At last stock markets and the pollsters have got an election right! It was relief all round, as on this occasion we at Charles Stanley joined the consensus in thinking a win by Mr Macron and Mrs Le Pen was the most likely outcome in a very close race. As expected there was a strong late run by the far left Mr Melenchon, and a resilient performance by Mr Fillon for the centre right Republicans. Mr Macron got 23.9%, Mrs Le Pen 21.4%, Mr Fillon 19.9% and Mr Melenchon 19.6%. It was a still decisive defeat for France’s two main traditional parties of government, as neither have a candidate in the run off.
Stock markets will take heart from this outcome. The pollsters are confident that Mr Macron will beat Mrs Le Pen in two weeks time in the second round decider. All the forces of the centre left and centre right will be there to help Mr Macron across the finishing line in first place. The euro and the EU will be safe from French attacks assuming this comes true.
The issue markets will have to consider, however, is what Mr Macron will be able to do if elected as President. His En Marche movement is recently constructed and is unlikely to win a majority of the seats in the French Parliament. It is possible, of course, that victory in the Presidential election brings a wave of enthusiasm for his movement to give him a stronger than expected position in the Parliament. It is also possible that the traditional parties might wish to be helpful, at least in the early days, to reflect his popularity and his mandate. However, the way Mr Macron detached himself from the socialist party he belonged to as a Minister will not have endeared him to the centre left establishment.
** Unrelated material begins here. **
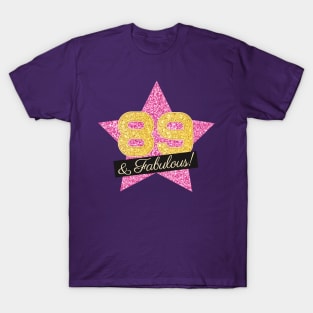 89th Birthday Gifts Women Fabulous - Pink Gold T-Shirt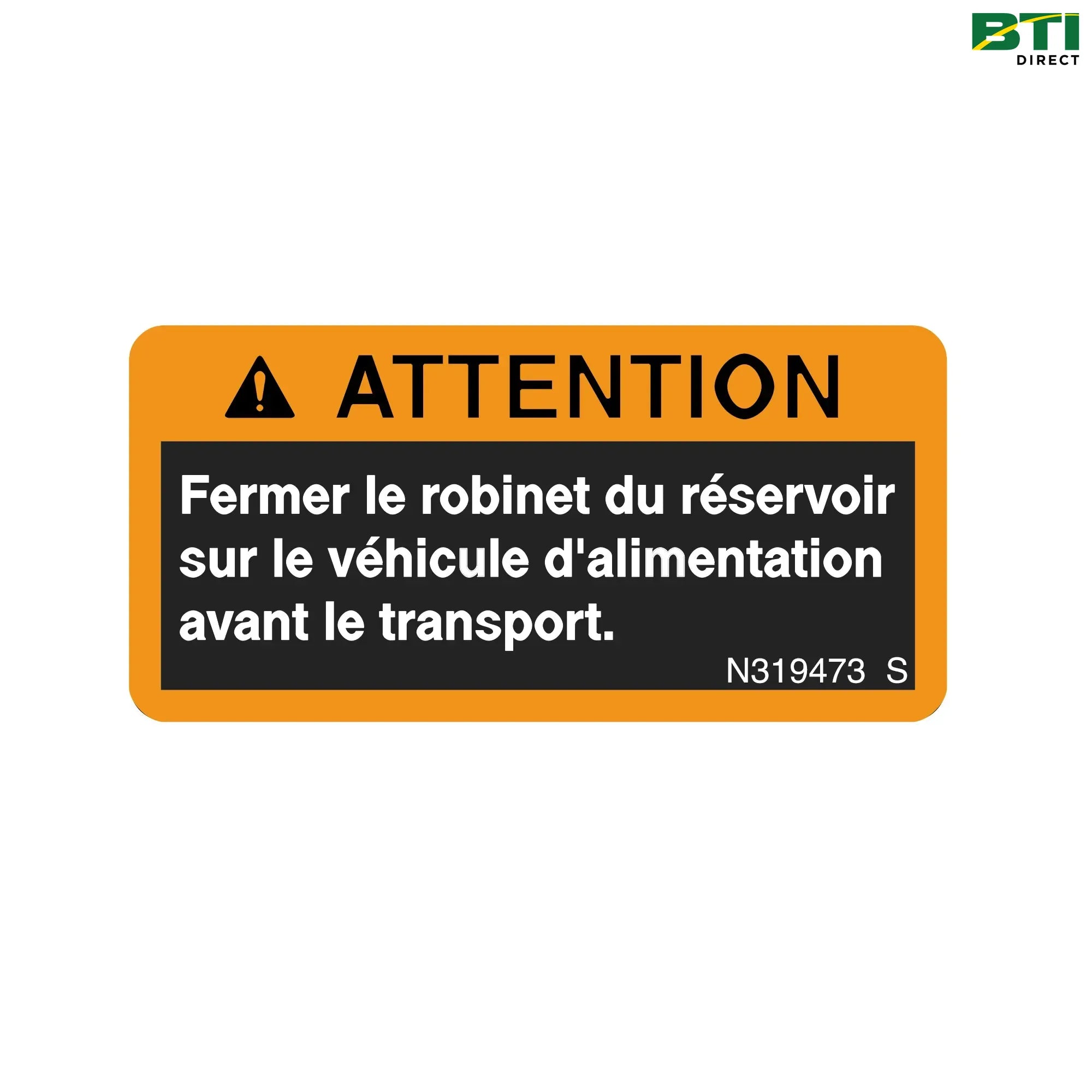 N319473: Safety Sign, Caution Label, French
The way he wishes to adopt some centre right proposals on business and regulation will worry the centre right who will want to re-establish themselves as a major political force for the pro-business side of the debate. Being in the centre has scope for increasing support whilst you are popular, but leaves you exposed to a squeeze from both sides when they see the opportunity.
Once the Presidential election is decided attention will turn to the Parliamentary elections in June. They will determine whether Mr Macron’s programme has any chance of implementation, or if it will usher in a period of Presidential frustration matched by Parliamentary sniping. His programme is somewhat sketchy. It is described in general terms as being like Germany’s belief in the social market economy. That implies less regulation and tax on business than socialists like, matched with more social protection and solidarity measures than conservatives usually recommend. The problem is cost in an economy like the French one already at the limits of spending under the Maastricht budget controls.
The economic recovery of the Eurozone continues. This latest news removes much of the political risk that stalked markets in the run up to the election, removing the threat of a Eurosceptic high spending left wing candidate, and making it difficult for the National Front to win. The market is not expecting much from Mr Macron’s reform programme. That is wise given the difficulties he will face in framing it and getting it through. Some of it requires reform at the EU level, which will be even more problematic. Winning an election in France does not change the views of the other 26 member states that are staying in.